Mr. MONTO: Well, we are trying to evaluate a couple of the non-pharmaceutical interventions you can evaluate in the seasonal pandemic, and that is hand hygiene and wearing face masks. And we've asked students in several of our dorms to either wear facemasks, to wear facemasks and use hand hygiene, or to serve as controls. And we're actually asking them to provide a specimen, which we will then work on in our laboratories to identify if they're influenza infected.

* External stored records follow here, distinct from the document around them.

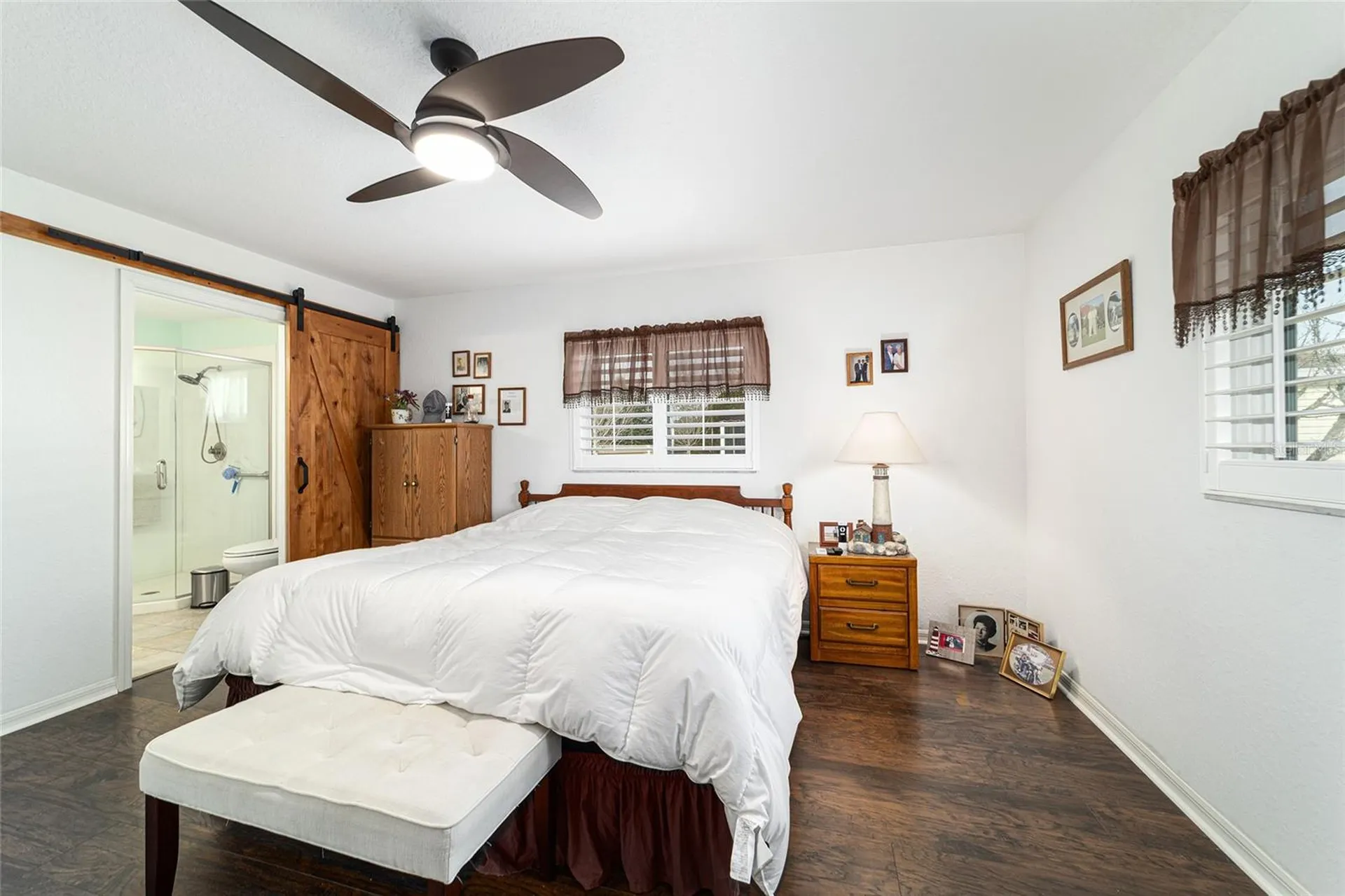 13988 SE 86th Circle Summerfield FL 34491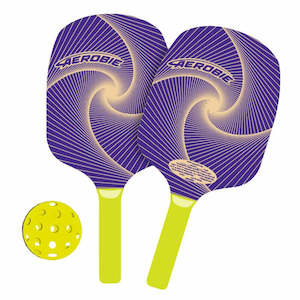 Pickleball Set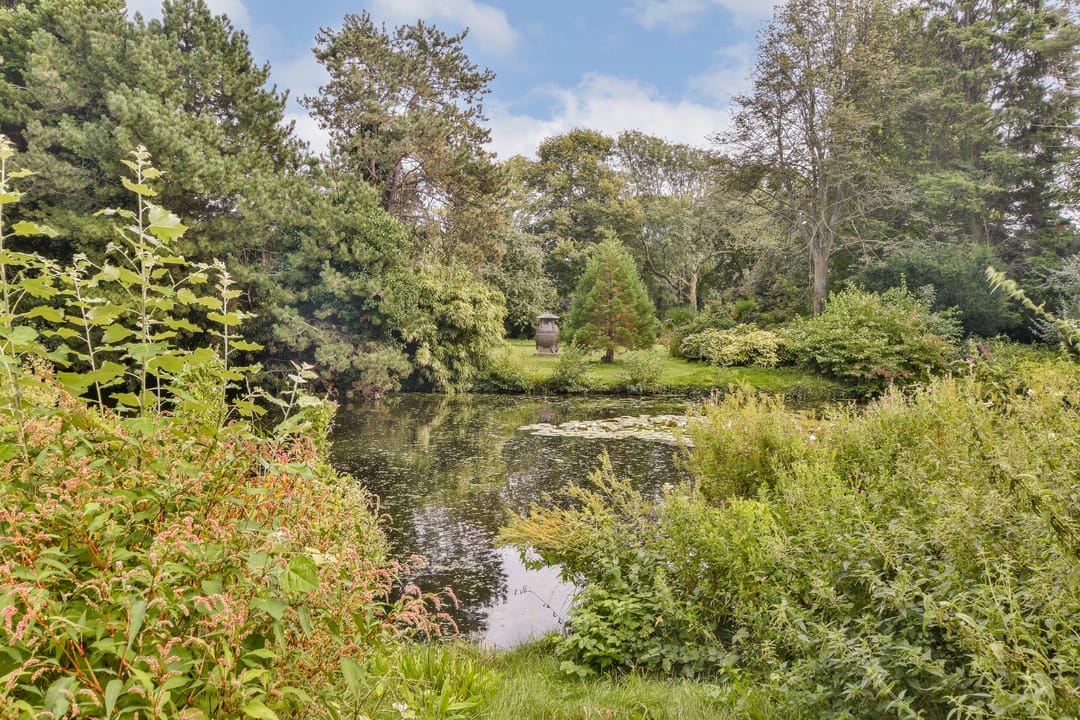 Foto 31 van Seinpoststraat 104-A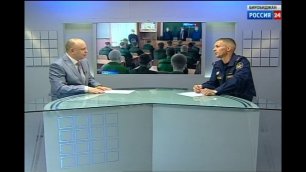 Амиров интервью на ГТРК Бира.mp4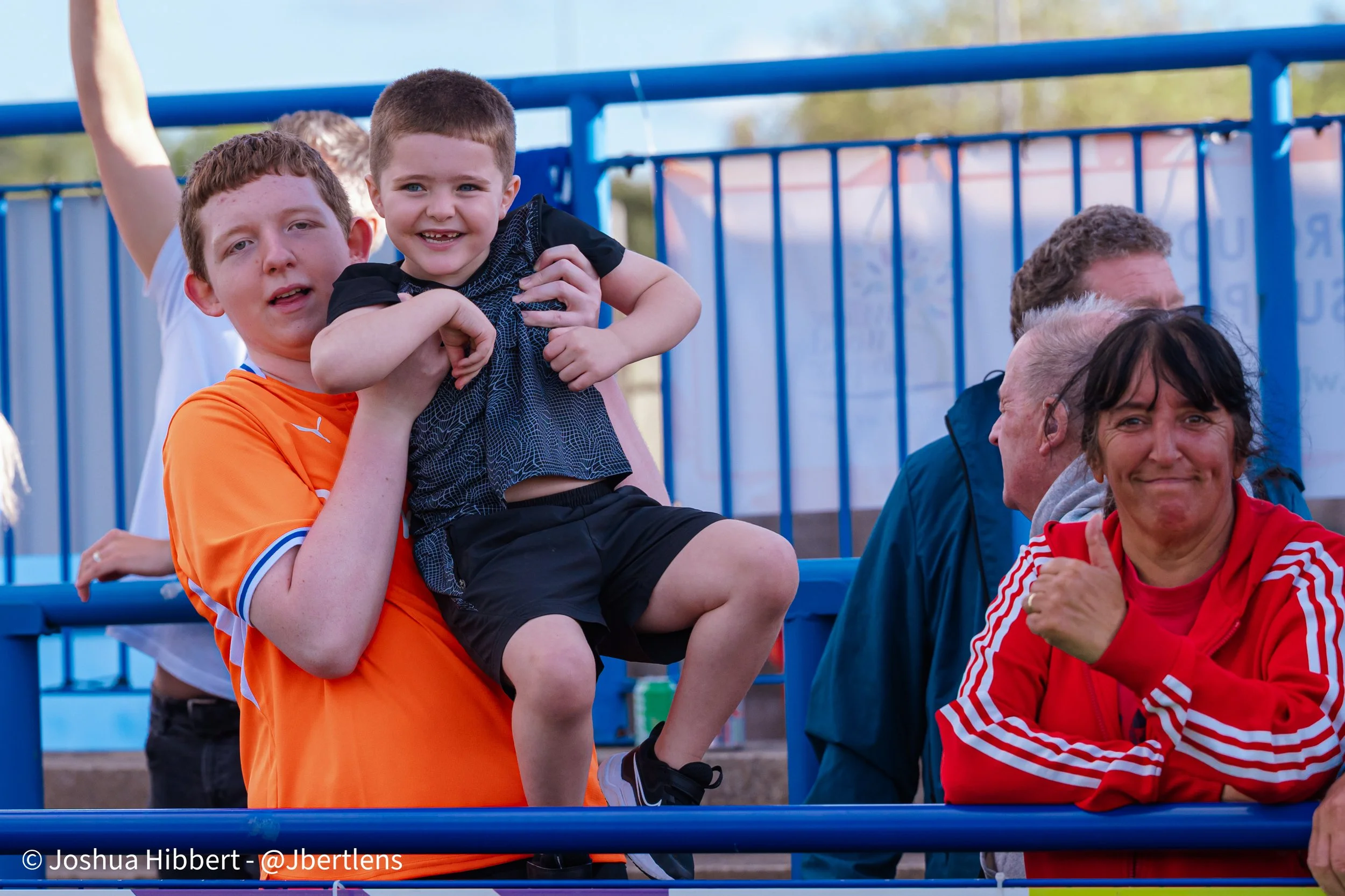 Curzon_Ashton_Stalybridge_Celtic_Web_Sized_26.09.26-221.jpg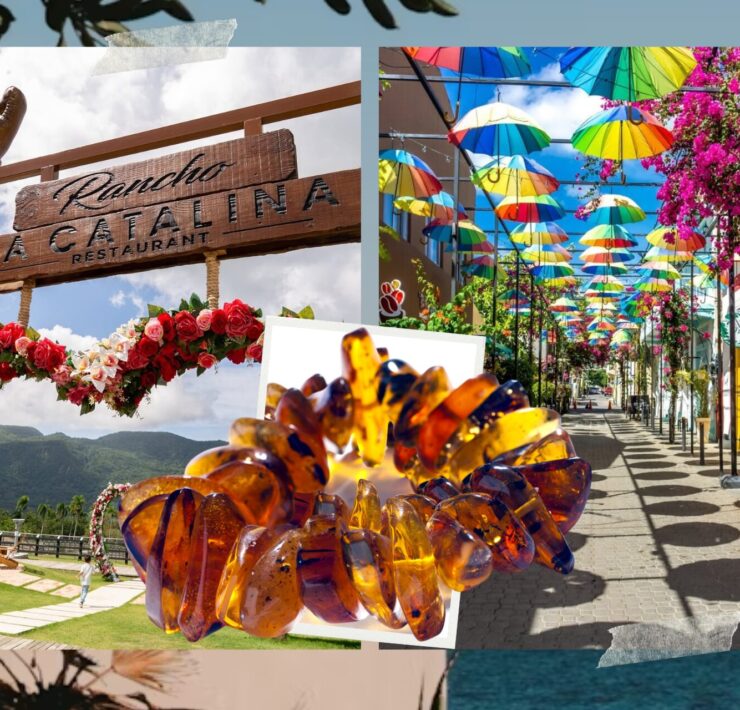 Puerto Plata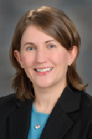 Dr. Rachel Theriault, MD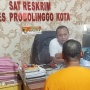 Keterlaluan! Oknum Guru Ekstrakulikuler Pencak Silat Sodomi Muridnya di Kamar Mandi Sekolah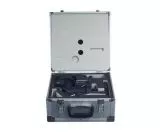 iOptron Mount Montierung CEM26EC GoTo iPolar LiteRoc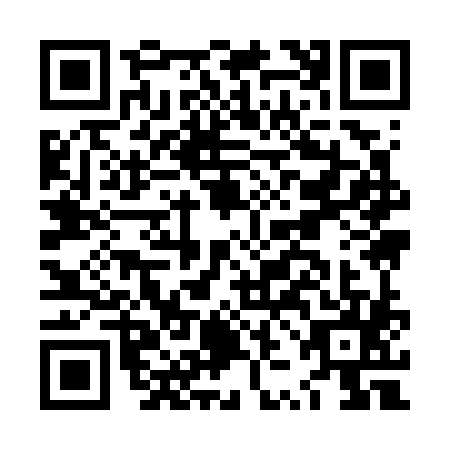 QR code for LZI7852
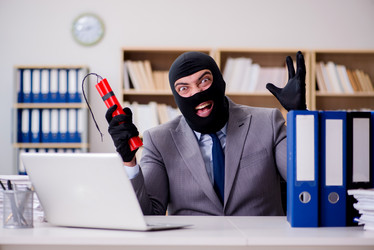 Similar image 20150077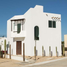 Maison 3 chambre à vendre à La Paz, Baja California Sur, La Paz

This will inform some of the recommendations that are included in the plan, which is marked draft. I mean this is a work in progress, and part of the problem in coming up with these recommendations is the lack of data. And we're trying to get data on this. Other - in other areas, such as closing schools, it's impossible to come up with data, so we're relying on history and epidemic models.
FLATOW: Well, good luck to you, Dr. Monto and also to you over there in Great Britain. Thank you both for taking time to talk with us. Freda Scott-Park and Dr. Arnold Monto talking with us about the possible epidemic - pandemic that might break out.
We'll take a short break and we'll be right back. Don't go away.
I'm Ira Flatow. This is TALK OF THE NATION: SCIENCE FRIDAY from NPR News.